Historically speaking, we know very little about Joseph Smith. Born into abject poverty sometime in the mid 1700s on Edinburgh’s Cowgate, he developed rickets at a young age. He had strong, massive arms and short, bowed legs. We know this because upon his death in 1780 (falling from a coach after gambling at the race track in Leith), the University of Edinburgh’s prestigious Medical School acquired his deformed skeleton. Today, it’s displayed at the Anatomical Museum, which coincidentally was the only reason that I knew that Joseph Smith existed at all!

What the points of telling you all this? This is bad history, but a great story; the tale of an underdog who used his power for social justice. But – I would argue – stories like these teaches elements of history without the tourist even realising it. For example, the audience learns about Edinburgh’s brutal poverty, childhood diseases of the 1700s, the strength (and fear) of the mob to provoke political change, rioting as a commonplace practise of 18thC Scottish culture, existing class tensions between landowners and tenants – these are all historical themes that this story illustrates.

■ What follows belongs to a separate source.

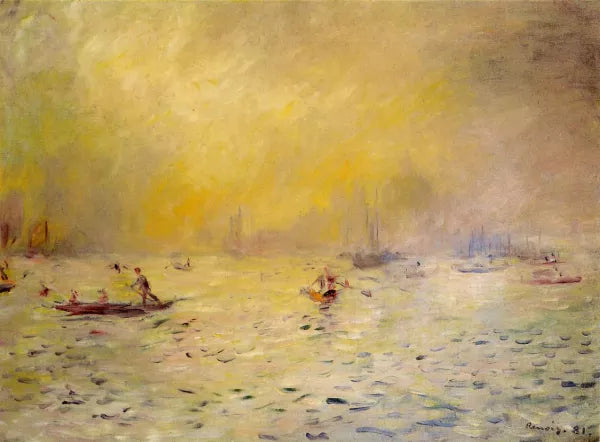 View of Venice, Fog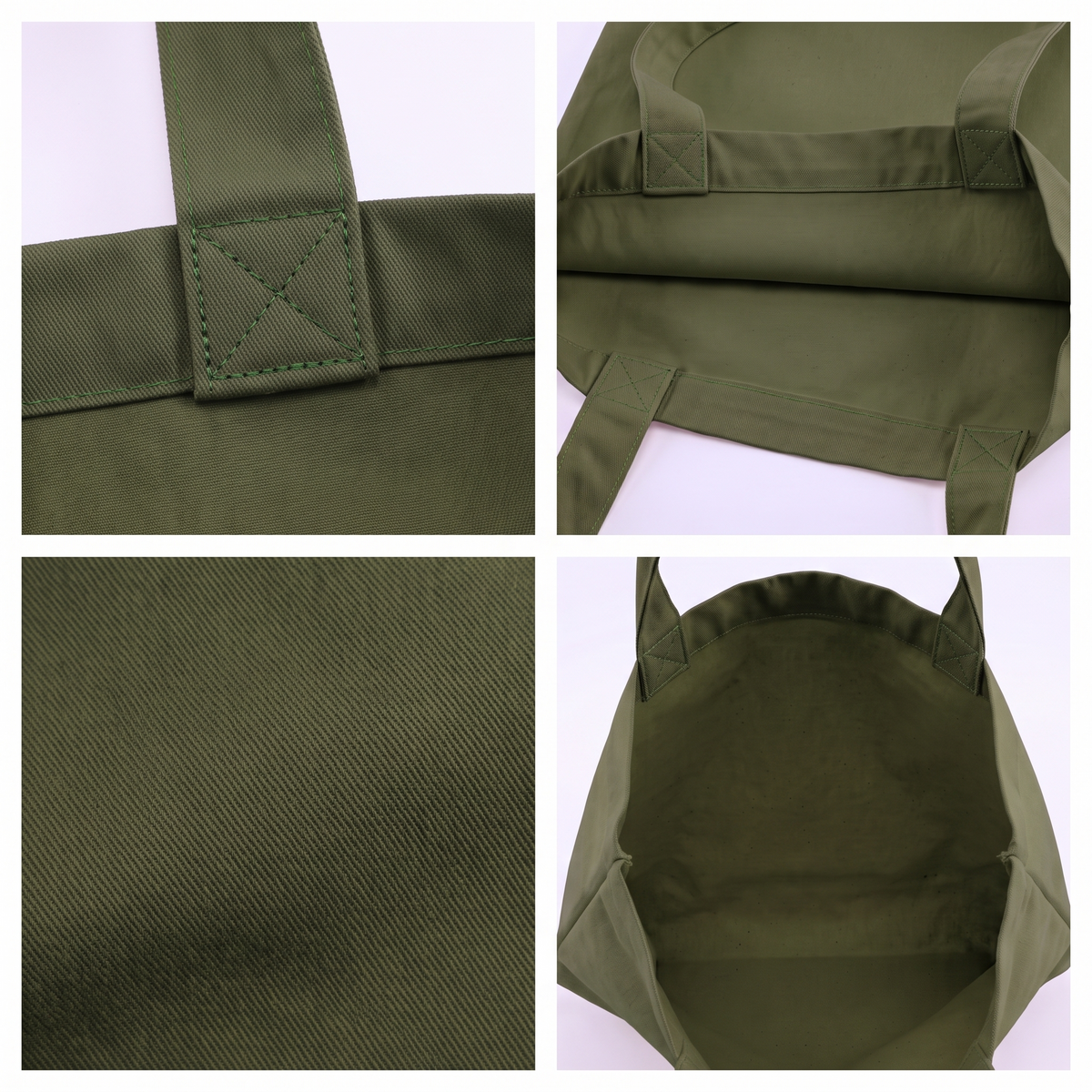 Bolsa Tote Grande de Dril en Colores 40 × 35 cm – Ceiba Trópico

But I’ve practically sold my academic soul. I have compromised my formal objective, evidence-based study of history with an engaging narrative chiefly devoid of tangible facts, in order to achieve my manager’ goal: to entertain tourists about Edinburgh’s “history.”

2) Telling Entertaining (Hi)stories

Training for this job was mostly self-directed. I was not given a script, but simply told the appointed “audition date” I would give a two-hour tour of the Old Town to my manager. I was allowed to speak about anything, and was invited onto other guides’ tours to see their routes and topics. Considering this company is one of the highest rated on Trip Advisor (the chief reason I applied with them), I was surprised at this somewhat laissez-faire, trusting approach.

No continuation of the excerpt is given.